Items from a dataset:
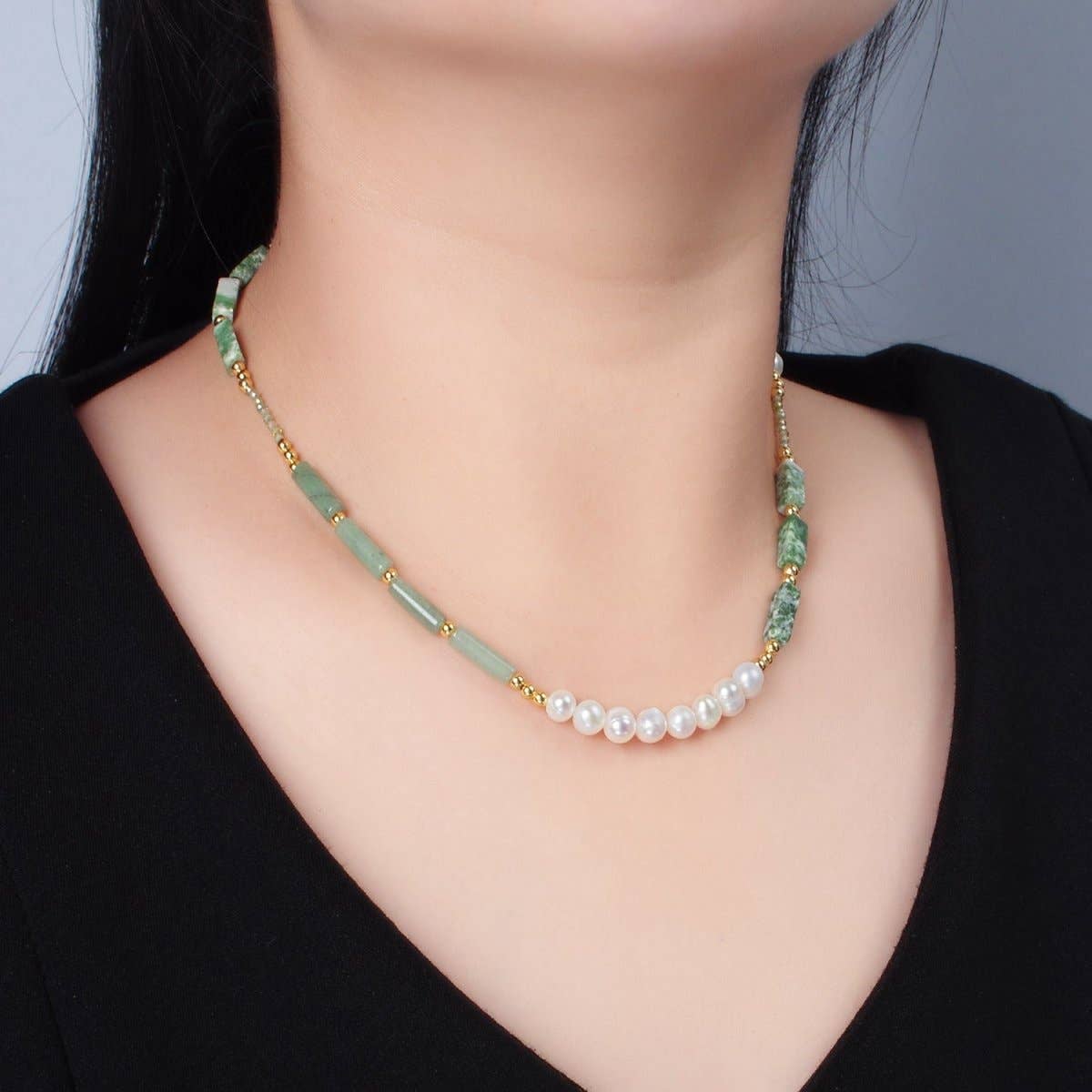 Green Jade Bead Necklace
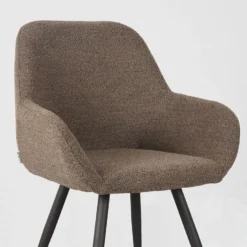 LABEL51 Eetkamerstoel Fender - Bruin - Boucle - 59x57x87 Cm -Puur Woood Winkel 1000093223 0103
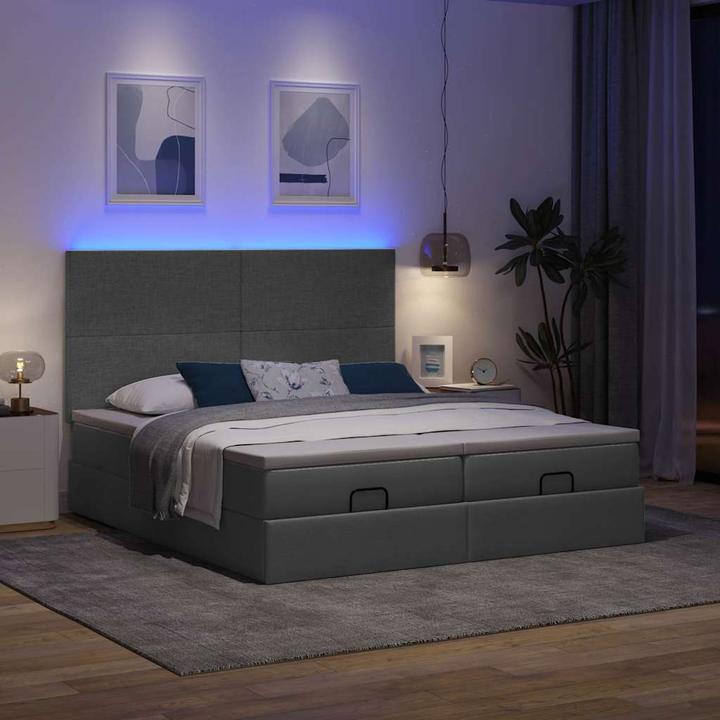 Actual product image VidaXL Ottoman bed with mattresses dark grey 200x200 cm fabric (200 x 200 cm)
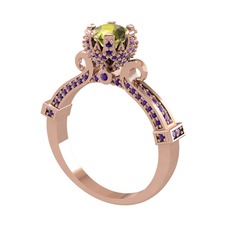Peridot ve ametist 925 ayar rose altın kaplama gümüş yüzük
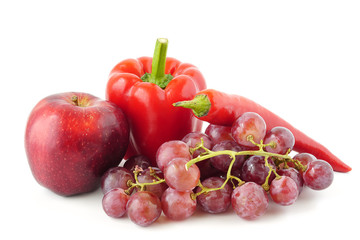 Healthy Food set red fruits and vegetables apple, pepper, grape,sweet pepper Benefits of antioxidants isolated on white background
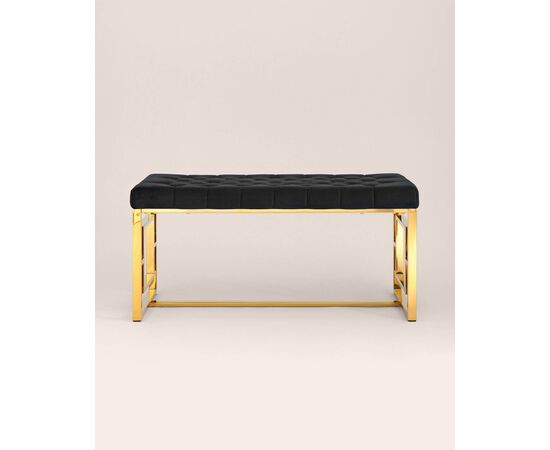 Банкетка-скамейка БРУКЛИН велюр черный сталь золото, изображение 3 | Интернет магазин мебели и декора LifeDekor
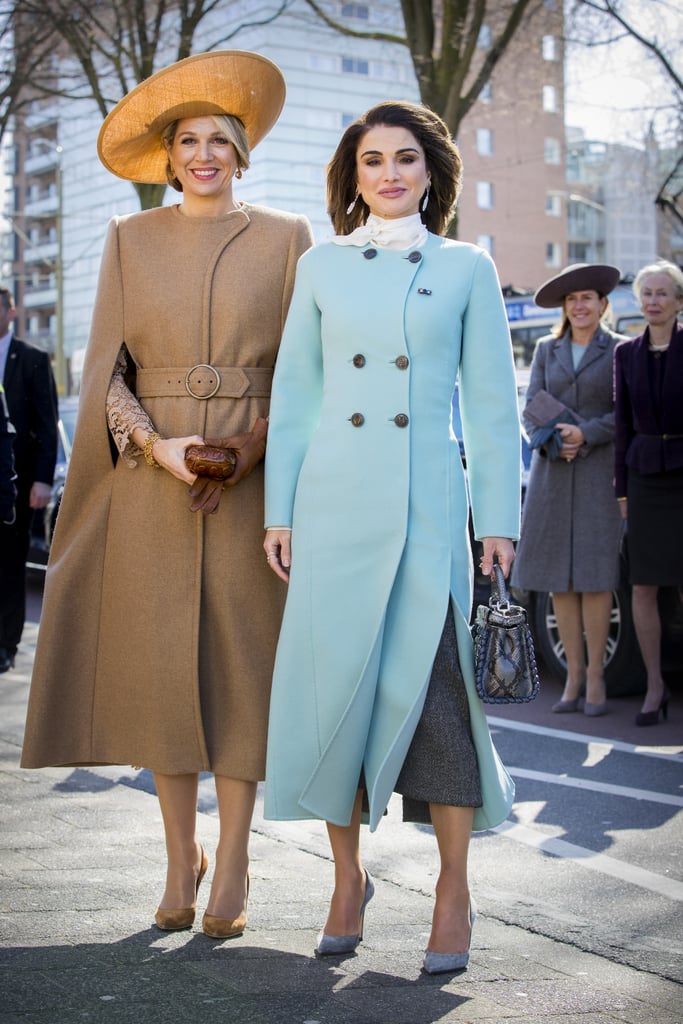 Queen Rania Wearing Light Blue Coat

*Your instructions:* Repeat the lines exactly, starting with the line that contains "Healthy Food set" and ending with the last line of the entries. Keep both of those lines but no pictures.

*Solution to this exercise:*
 Healthy Food set red fruits and vegetables apple, pepper, grape,sweet pepper Benefits of antioxidants isolated on white background
 Банкетка-скамейка БРУКЛИН велюр черный сталь золото, изображение 3 | Интернет магазин мебели и декора LifeDekor
 Queen Rania Wearing Light Blue Coat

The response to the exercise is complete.